Une chimio supplémentaire stimule la thérapie cellulaire immunitaire dans le lymphome

Une chimio supplémentaire stimule la thérapie cellulaire immunitaire dans le lymphome

Une cellule T saine. Image via Wikimedia Commons

L’utilisation de deux médicaments de chimiothérapie au lieu d’un peut augmenter l’efficacité d’un type de thérapie cellulaire immunitaire, selon une nouvelle étude américaine.

« Ceci est important car cela aidera à orienter la conception des futurs essais utilisant ces cellules T spécialisées » – Professeur John Anderson, UCL Great Ormond Street Institute of Child Health.

Le premier essai clinique a montré de meilleures réponses et une amélioration de la survie à court terme chez les patients atteints d’un lymphome non hodgkinien recevant les traitements combinés.

Publiés dans la revue Science Translational Medicine, les résultats pourraient également avoir des implications importantes pour les futurs essais impliquant la thérapie cellulaire CAR-T.

L’approche consiste à retirer des cellules immunitaires spécialisées, appelées cellules T, d’un patient et à les concevoir afin qu’elles reconnaissent et tuent les cellules cancéreuses lorsqu’elles sont réintroduites chez le patient.

Dans le nouvel essai clinique, impliquant 32 patients atteints d’un lymphome non hodgkinien avancé, les chercheurs ont sélectionné des types spécifiques de cellules T à reconfigurer. Les patients ont ensuite reçu soit le médicament chimiothérapeutique cyclophosphamide seul, soit en association avec un autre médicament appelé fludarabine.
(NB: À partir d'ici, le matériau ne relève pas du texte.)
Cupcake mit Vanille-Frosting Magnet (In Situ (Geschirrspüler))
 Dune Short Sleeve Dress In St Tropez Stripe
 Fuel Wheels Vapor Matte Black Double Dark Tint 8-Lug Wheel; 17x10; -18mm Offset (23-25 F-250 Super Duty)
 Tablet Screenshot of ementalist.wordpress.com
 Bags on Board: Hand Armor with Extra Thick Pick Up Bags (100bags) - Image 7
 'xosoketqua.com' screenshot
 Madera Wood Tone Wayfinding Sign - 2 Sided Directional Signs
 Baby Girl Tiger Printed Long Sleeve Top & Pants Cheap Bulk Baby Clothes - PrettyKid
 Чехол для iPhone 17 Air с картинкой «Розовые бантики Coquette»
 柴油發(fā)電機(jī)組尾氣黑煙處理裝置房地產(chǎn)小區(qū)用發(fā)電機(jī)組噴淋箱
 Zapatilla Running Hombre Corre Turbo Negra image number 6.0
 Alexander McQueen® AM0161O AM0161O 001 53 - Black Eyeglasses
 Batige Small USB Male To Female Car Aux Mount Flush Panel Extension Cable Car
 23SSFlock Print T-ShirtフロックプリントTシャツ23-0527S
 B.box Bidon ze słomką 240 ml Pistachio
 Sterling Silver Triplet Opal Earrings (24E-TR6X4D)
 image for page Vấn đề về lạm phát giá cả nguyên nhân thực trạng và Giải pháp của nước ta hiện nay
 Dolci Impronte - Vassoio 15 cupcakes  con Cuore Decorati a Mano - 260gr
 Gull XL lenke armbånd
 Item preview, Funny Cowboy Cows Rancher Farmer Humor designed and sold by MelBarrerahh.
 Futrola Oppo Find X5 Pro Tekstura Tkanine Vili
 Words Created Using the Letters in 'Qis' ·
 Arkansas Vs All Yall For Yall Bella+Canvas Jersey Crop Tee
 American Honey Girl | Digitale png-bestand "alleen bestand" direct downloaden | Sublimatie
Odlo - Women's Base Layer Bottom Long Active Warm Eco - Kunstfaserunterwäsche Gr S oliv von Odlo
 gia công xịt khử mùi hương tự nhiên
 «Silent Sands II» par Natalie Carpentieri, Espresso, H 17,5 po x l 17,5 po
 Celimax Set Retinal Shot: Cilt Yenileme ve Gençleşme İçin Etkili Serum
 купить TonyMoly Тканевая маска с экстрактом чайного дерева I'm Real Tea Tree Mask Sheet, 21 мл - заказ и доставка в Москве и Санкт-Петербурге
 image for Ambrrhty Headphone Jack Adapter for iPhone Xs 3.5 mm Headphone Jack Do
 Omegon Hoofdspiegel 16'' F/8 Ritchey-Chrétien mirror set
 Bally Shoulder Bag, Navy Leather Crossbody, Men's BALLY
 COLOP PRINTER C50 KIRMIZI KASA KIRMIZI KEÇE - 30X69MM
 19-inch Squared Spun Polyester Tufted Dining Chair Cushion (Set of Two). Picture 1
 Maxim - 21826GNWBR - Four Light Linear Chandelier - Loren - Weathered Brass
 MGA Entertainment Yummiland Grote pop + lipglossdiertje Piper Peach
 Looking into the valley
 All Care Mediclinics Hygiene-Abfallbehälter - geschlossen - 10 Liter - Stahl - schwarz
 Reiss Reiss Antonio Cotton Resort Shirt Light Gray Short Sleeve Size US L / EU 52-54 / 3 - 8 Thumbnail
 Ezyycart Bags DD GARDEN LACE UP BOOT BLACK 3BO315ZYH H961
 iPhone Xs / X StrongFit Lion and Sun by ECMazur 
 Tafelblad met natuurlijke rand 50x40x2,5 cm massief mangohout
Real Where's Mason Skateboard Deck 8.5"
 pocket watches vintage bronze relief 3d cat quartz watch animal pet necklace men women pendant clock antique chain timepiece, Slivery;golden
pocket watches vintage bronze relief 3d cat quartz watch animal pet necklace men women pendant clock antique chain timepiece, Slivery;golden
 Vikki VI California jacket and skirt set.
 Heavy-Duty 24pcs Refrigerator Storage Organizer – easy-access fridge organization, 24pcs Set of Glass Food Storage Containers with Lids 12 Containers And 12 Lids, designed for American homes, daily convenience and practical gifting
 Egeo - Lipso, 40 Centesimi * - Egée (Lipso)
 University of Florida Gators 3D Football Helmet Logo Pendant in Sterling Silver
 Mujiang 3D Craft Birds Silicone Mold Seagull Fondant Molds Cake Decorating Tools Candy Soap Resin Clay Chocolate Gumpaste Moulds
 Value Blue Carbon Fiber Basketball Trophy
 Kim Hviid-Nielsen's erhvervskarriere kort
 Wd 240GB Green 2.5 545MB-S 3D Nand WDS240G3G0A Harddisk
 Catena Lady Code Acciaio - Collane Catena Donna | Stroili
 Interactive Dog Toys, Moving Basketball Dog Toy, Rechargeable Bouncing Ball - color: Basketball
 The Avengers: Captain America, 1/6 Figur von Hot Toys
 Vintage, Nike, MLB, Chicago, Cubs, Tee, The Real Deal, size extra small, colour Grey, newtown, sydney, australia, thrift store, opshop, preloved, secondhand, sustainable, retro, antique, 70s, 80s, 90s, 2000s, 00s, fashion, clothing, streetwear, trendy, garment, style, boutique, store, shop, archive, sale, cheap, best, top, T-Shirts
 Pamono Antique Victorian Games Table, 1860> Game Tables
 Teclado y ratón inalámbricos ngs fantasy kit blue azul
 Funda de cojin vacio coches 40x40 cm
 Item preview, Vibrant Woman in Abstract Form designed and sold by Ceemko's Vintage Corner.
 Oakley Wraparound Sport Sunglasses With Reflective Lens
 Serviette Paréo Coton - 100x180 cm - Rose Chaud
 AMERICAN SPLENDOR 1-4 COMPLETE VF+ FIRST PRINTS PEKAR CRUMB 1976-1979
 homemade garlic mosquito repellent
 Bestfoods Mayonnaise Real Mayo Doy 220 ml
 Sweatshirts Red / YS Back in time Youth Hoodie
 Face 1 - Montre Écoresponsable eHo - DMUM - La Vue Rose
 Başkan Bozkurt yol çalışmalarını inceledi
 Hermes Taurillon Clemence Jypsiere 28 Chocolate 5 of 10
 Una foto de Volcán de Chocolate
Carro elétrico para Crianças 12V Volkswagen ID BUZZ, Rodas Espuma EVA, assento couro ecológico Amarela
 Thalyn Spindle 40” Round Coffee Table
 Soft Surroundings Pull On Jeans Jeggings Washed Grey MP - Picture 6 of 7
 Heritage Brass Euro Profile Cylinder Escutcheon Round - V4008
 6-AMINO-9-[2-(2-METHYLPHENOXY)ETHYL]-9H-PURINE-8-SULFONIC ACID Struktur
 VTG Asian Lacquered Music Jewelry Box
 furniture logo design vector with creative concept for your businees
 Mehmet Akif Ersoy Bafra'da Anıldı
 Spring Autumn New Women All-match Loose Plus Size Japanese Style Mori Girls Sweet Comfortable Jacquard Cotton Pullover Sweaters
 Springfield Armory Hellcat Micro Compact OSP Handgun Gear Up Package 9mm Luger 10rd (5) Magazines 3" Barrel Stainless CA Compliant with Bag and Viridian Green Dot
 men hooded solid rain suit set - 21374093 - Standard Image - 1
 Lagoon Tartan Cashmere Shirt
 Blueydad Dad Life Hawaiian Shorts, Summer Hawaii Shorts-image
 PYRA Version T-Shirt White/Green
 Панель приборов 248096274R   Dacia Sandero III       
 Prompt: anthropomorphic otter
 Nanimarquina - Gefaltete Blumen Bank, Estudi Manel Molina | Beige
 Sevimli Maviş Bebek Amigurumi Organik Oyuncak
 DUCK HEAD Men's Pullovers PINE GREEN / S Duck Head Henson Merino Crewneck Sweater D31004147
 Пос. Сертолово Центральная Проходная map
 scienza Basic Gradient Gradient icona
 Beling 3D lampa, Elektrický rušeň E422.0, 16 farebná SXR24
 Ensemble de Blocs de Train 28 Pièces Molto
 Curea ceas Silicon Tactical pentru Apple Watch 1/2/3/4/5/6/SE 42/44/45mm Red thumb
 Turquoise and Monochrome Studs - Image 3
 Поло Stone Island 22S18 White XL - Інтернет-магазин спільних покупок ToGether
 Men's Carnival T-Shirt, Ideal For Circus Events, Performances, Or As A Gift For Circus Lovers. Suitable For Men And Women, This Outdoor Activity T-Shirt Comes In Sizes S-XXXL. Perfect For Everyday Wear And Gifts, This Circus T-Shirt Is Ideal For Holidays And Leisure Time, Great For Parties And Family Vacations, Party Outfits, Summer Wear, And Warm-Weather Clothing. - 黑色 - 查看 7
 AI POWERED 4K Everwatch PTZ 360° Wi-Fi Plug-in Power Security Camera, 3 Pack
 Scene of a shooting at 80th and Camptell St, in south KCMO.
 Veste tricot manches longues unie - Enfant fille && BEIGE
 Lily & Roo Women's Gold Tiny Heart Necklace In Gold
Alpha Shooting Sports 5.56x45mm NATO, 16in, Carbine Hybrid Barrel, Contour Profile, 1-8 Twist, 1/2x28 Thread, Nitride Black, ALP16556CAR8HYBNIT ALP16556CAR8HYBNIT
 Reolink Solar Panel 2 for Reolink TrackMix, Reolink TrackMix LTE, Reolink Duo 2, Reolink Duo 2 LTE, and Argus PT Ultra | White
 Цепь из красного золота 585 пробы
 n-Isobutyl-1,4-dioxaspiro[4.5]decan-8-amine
Selon les chercheurs, basés au Fred Hutchinson Cancer Research Center et à l’Université de Washington, la chimiothérapie combinée a produit des effets anticancéreux plus puissants à partir des cellules immunitaires.

Le Dr Cameron Turtle, l’un des principaux chercheurs de l’étude, a déclaré qu’affiner l’approche thérapeutique de cette manière « peut avoir un impact important sur les résultats cliniques ».

Après traitement, la moitié des patients ayant reçu de la fludarabine ont vu disparaître tous les signes de leur maladie. Cela a été comparé à huit pour cent des patients qui n’ont pas reçu de fludarabine.

Le professeur John Anderson, un expert en immunothérapie de UCL Great Ormond Street Institute of Child Health, a déclaré: «Il s’agit du premier essai clinique à montrer de multiples avantages de l’ajout de fludarabine au cyclophosphamide lors de la préparation de patients atteints de lymphome non hodgkinien à ce type d’immunothérapie. Cela comprenait moins d’effets secondaires et des réponses améliorées.

« Ceci est important car cela aidera à orienter la conception des futurs essais utilisant ces cellules T spécialisées. Mais cela pourrait également avoir des implications pour le domaine de la thérapie cellulaire CAR T en général, d’autant plus que les chercheurs cherchent à les tester dans davantage de types de cancer.

« Nous ne savons toujours pas avec quelle précision la fludarabine agit pour préparer le corps à recevoir des cellules T, donc des travaux supplémentaires sont nécessaires pour examiner cela parallèlement à d’autres essais cliniques. »

Les résultats suggèrent que le perfectionnement de la combinaison de la chimiothérapie et des cellules immunitaires est essentiel pour libérer le plein potentiel des thérapies cellulaires CAR-T.

Alors que la fludarabine était associée à des effets secondaires plus graves, les chercheurs ont détecté des «signatures» moléculaires dans le sang des patients qui pourraient indiquer qu’un patient peut ressentir des effets secondaires après un traitement par cellules immunitaires. Cela pourrait fournir un moyen d’identifier les patients à haut risque qui pourraient bénéficier de l’arrêt de leur traitement.

Les références

Tortue, CJ et al. (2016). Immunothérapie du lymphome non hodgkinien avec un rapport défini de cellules T modifiées par le récepteur de l’antigène chimérique spécifique CD8+ et CD4+ CD19. Médecine translationnelle scientifique. 8 (355).